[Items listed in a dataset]
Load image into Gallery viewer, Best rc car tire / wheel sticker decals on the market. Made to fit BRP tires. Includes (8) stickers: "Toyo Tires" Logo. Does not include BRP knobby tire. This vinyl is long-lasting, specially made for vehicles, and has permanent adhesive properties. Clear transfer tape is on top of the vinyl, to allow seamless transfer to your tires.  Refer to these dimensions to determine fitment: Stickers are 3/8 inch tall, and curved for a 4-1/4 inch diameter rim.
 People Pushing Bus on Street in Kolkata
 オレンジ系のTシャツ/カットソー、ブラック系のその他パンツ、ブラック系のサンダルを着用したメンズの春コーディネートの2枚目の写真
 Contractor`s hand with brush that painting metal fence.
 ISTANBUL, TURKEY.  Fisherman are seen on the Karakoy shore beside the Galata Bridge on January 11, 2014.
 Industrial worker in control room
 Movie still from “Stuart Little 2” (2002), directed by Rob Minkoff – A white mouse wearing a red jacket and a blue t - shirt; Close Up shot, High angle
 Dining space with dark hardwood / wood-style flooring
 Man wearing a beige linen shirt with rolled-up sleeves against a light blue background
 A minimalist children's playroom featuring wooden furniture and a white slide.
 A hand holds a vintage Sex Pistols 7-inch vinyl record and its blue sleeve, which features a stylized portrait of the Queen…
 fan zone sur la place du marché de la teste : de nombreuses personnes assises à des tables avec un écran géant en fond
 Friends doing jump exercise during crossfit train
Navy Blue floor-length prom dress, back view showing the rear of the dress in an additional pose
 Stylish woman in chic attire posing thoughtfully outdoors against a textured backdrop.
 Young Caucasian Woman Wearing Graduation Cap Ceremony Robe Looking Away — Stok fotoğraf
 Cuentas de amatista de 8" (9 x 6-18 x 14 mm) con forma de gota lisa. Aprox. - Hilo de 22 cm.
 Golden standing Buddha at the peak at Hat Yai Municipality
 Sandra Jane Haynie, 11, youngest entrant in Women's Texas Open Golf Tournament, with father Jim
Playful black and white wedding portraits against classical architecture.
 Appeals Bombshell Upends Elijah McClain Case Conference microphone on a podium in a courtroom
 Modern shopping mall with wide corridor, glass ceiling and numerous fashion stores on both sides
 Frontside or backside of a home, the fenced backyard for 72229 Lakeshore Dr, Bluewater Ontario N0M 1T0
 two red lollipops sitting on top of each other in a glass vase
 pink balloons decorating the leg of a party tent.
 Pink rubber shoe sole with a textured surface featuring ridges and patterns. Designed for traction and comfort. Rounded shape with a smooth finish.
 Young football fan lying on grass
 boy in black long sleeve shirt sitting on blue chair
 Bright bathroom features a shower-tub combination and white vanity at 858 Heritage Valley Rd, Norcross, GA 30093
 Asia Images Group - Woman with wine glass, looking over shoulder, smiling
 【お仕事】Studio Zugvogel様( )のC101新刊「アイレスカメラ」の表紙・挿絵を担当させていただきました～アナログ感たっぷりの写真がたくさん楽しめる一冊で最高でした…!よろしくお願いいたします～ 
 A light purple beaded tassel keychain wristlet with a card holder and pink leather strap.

▶ **Work required**: Transcribe every line of the data, exactly as it stands.

▶ **Written solution**:
Load image into Gallery viewer, Best rc car tire / wheel sticker decals on the market. Made to fit BRP tires. Includes (8) stickers: "Toyo Tires" Logo. Does not include BRP knobby tire. This vinyl is long-lasting, specially made for vehicles, and has permanent adhesive properties. Clear transfer tape is on top of the vinyl, to allow seamless transfer to your tires.  Refer to these dimensions to determine fitment: Stickers are 3/8 inch tall, and curved for a 4-1/4 inch diameter rim.
 People Pushing Bus on Street in Kolkata
 オレンジ系のTシャツ/カットソー、ブラック系のその他パンツ、ブラック系のサンダルを着用したメンズの春コーディネートの2枚目の写真
 Contractor`s hand with brush that painting metal fence.
 ISTANBUL, TURKEY.  Fisherman are seen on the Karakoy shore beside the Galata Bridge on January 11, 2014.
 Industrial worker in control room
 Movie still from “Stuart Little 2” (2002), directed by Rob Minkoff – A white mouse wearing a red jacket and a blue t - shirt; Close Up shot, High angle
 Dining space with dark hardwood / wood-style flooring
 Man wearing a beige linen shirt with rolled-up sleeves against a light blue background
 A minimalist children's playroom featuring wooden furniture and a white slide.
 A hand holds a vintage Sex Pistols 7-inch vinyl record and its blue sleeve, which features a stylized portrait of the Queen…
 fan zone sur la place du marché de la teste : de nombreuses personnes assises à des tables avec un écran géant en fond
 Friends doing jump exercise during crossfit train
Navy Blue floor-length prom dress, back view showing the rear of the dress in an additional pose
 Stylish woman in chic attire posing thoughtfully outdoors against a textured backdrop.
 Young Caucasian Woman Wearing Graduation Cap Ceremony Robe Looking Away — Stok fotoğraf
 Cuentas de amatista de 8" (9 x 6-18 x 14 mm) con forma de gota lisa. Aprox. - Hilo de 22 cm.
 Golden standing Buddha at the peak at Hat Yai Municipality
 Sandra Jane Haynie, 11, youngest entrant in Women's Texas Open Golf Tournament, with father Jim
Playful black and white wedding portraits against classical architecture.
 Appeals Bombshell Upends Elijah McClain Case Conference microphone on a podium in a courtroom
 Modern shopping mall with wide corridor, glass ceiling and numerous fashion stores on both sides
 Frontside or backside of a home, the fenced backyard for 72229 Lakeshore Dr, Bluewater Ontario N0M 1T0
 two red lollipops sitting on top of each other in a glass vase
 pink balloons decorating the leg of a party tent.
 Pink rubber shoe sole with a textured surface featuring ridges and patterns. Designed for traction and comfort. Rounded shape with a smooth finish.
 Young football fan lying on grass
 boy in black long sleeve shirt sitting on blue chair
 Bright bathroom features a shower-tub combination and white vanity at 858 Heritage Valley Rd, Norcross, GA 30093
 Asia Images Group - Woman with wine glass, looking over shoulder, smiling
 【お仕事】Studio Zugvogel様( )のC101新刊「アイレスカメラ」の表紙・挿絵を担当させていただきました～アナログ感たっぷりの写真がたくさん楽しめる一冊で最高でした…!よろしくお願いいたします～ 
 A light purple beaded tassel keychain wristlet with a card holder and pink leather strap.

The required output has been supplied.